Monsoon is here. And the first letter of monsoon goes your way just the dreamy way I found you in my thoughts today, as I slept. For a long time you have been wanting to visit Mommy's Big School. Such was my surprise to see you there, waiting for the lift in a strange, neither deep nor light blue frock in your two plaits and almost heavenly pure face, clinging to your doll as if the tighter you clutched her, the faster the lift would arrive. I don't have a fair idea who brought you there and like in movies we will not try and localize the logic which isn't. Your face looked beatific in that wonder you wore when you saw the samples stuck in the wall of infant and children wear and I felt like running to you then and there and pull you up into my arms.

Dreams, however, are stealthy things. The more urgency with which I run towards them, the quicker it dissolves, as if sucked up in a quicksand of feelings. Where do you live then? Where do you run to? This heart loved you enough to accept you even when you are not, yet you run away in a way which is more real than reality.

The rain washes away the pain, the wise ones say. Perhaps. Mommy disagrees. Chinky, when you grow up and read this letter please ask yourself what makes you so excited about the electronic fireworks in the sky.

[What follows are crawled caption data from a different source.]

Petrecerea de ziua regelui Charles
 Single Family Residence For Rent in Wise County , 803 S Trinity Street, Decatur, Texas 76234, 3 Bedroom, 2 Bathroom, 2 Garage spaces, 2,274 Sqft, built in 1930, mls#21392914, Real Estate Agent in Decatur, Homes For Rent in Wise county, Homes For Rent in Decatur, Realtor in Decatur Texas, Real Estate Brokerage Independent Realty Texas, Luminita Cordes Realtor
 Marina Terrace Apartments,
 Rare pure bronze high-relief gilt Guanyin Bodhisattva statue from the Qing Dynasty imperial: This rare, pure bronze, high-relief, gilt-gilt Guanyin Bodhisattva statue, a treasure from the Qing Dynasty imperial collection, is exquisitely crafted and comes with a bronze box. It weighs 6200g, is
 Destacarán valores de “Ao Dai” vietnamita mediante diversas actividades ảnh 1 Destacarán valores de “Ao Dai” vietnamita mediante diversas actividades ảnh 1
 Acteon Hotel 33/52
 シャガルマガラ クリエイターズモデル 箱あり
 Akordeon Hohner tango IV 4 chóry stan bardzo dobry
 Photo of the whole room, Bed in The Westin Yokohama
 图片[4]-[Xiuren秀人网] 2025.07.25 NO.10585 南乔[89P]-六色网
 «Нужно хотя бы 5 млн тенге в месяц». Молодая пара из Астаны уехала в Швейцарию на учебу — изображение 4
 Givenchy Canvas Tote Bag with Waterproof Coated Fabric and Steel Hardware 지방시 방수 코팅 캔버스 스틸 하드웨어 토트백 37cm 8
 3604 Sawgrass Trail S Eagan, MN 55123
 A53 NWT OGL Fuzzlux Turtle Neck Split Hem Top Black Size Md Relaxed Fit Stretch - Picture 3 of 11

Why do you run around to find a paper to make a boat? Why do you tease Tucker and scare the hell out of him threatening to take him out for a walk? Why do you catch me in my most personal moment of being lost as it rains, bringing me back to the unbelievable happiness of a reality called you? Bringing me back to the comfort called you, more unreasonable than most reasonable heartaches, ever?

You make me so happy that it is sad, the beguilement of it all. This is what the rain does. Washes away the thickset of illusions. Did it this time though?

I am still writing to you, and sealing this with the Mommy-kissie you love.

Run to your mom-soon! Each monsoon.

Momsie.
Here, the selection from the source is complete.